> **Data**
========

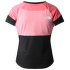 T-shirt a manches courtes The North Face Bolt Tech Tee Women Cosmo Pink-TNF Black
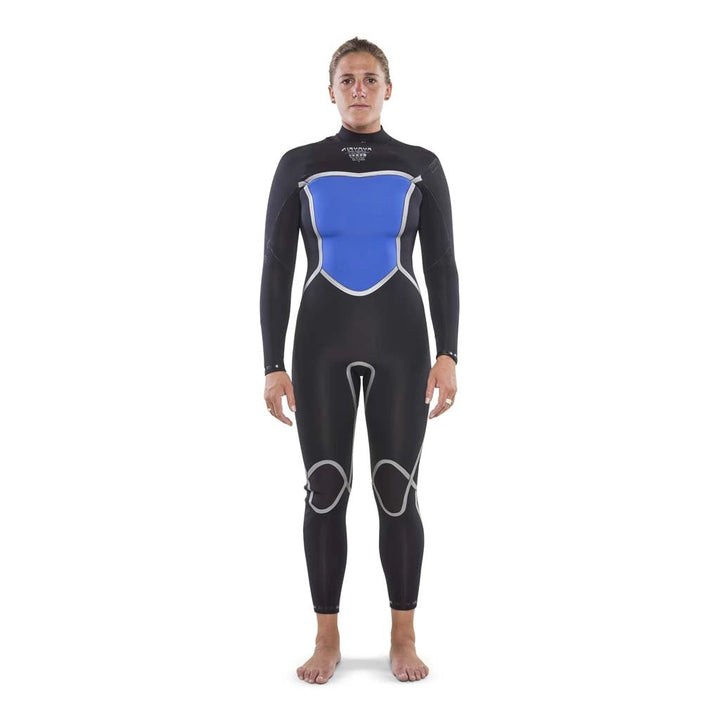 EMBER 3.2 - WOMENS CHEST ZIP FULL SUIT - ISURUS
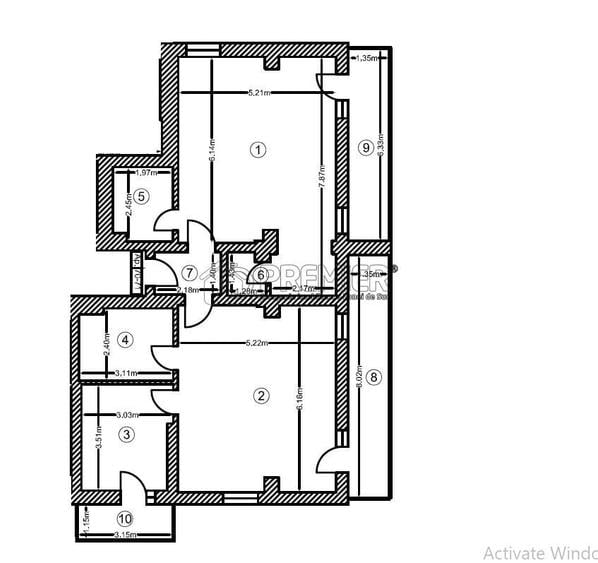 OCAZIE 3 Camere - Grand Arena - 1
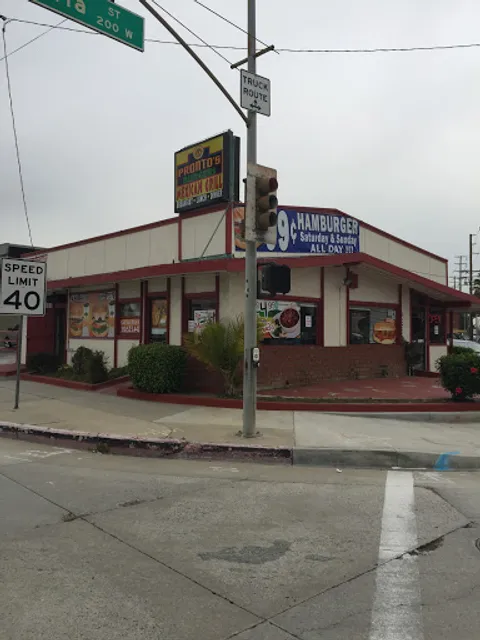 Pronto's Burgers & Mexican grill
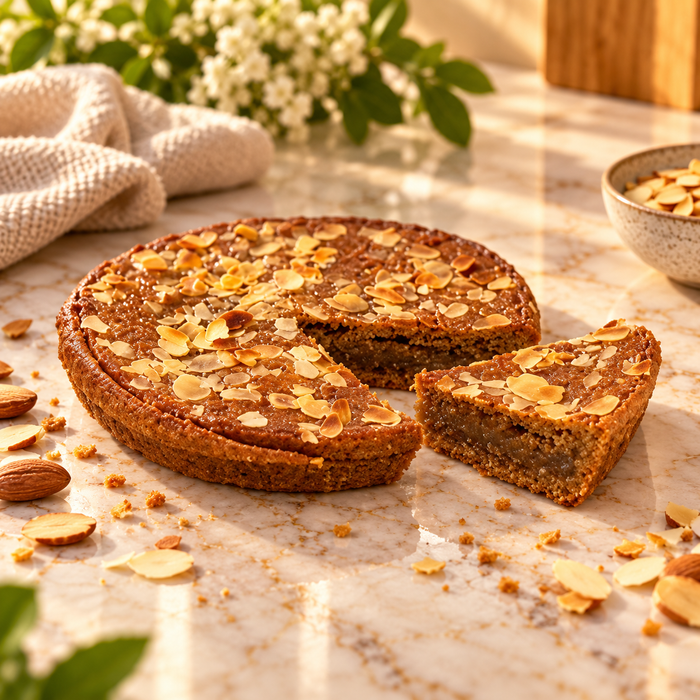 Glutenvrij speculaastaartje met amandel | 275 g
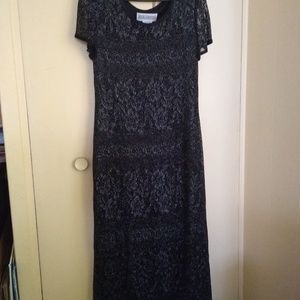 Jessica Howard Black  Evening Dress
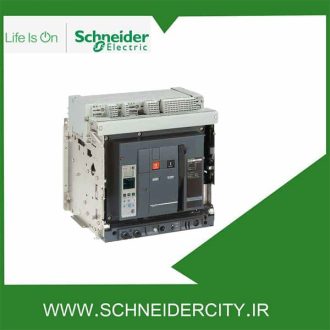 کلیدهوایی سه پل 2500 آمپر سری NW اشنایدر NW25H13PML2EHH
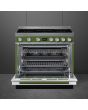Smeg CPF9IPOG 90cm Portofino Electric Range Cooker, Olive Green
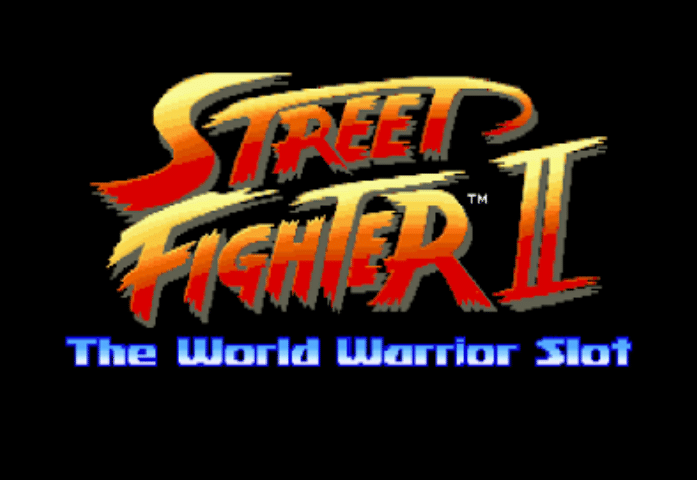 Street Fighter II slot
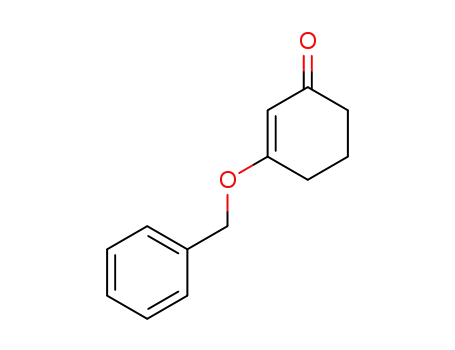 Molecular Structure of 69016-26-8 (2-Cyclohexen-1-one, 3-(phenylmethoxy)-)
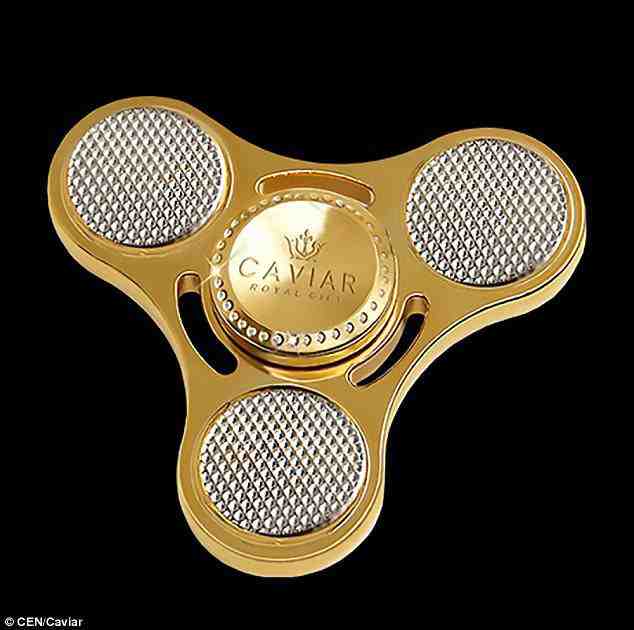 Fidget Spinner Seharga Mobil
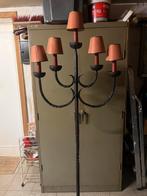 Lampadaire en fonte, Tissus, Antieke kandelaar, Utilisé, 150 à 200 cm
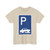 Zeichen 324 - Parken auf Gehwegen StVO 1970 (Germany) (Road Sign) T-Shirt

========

> **The task**
Would you please print only the lines running from the one with "کلیدهوایی سه پل" to the final line of the entries above, exactly as written and without pictures?

> **Exercise answer**
 کلیدهوایی سه پل 2500 آمپر سری NW اشنایدر NW25H13PML2EHH
Smeg CPF9IPOG 90cm Portofino Electric Range Cooker, Olive Green
 Street Fighter II slot
 Molecular Structure of 69016-26-8 (2-Cyclohexen-1-one, 3-(phenylmethoxy)-)
 Fidget Spinner Seharga Mobil
 Lampadaire en fonte, Tissus, Antieke kandelaar, Utilisé, 150 à 200 cm
 Zeichen 324 - Parken auf Gehwegen StVO 1970 (Germany) (Road Sign) T-Shirt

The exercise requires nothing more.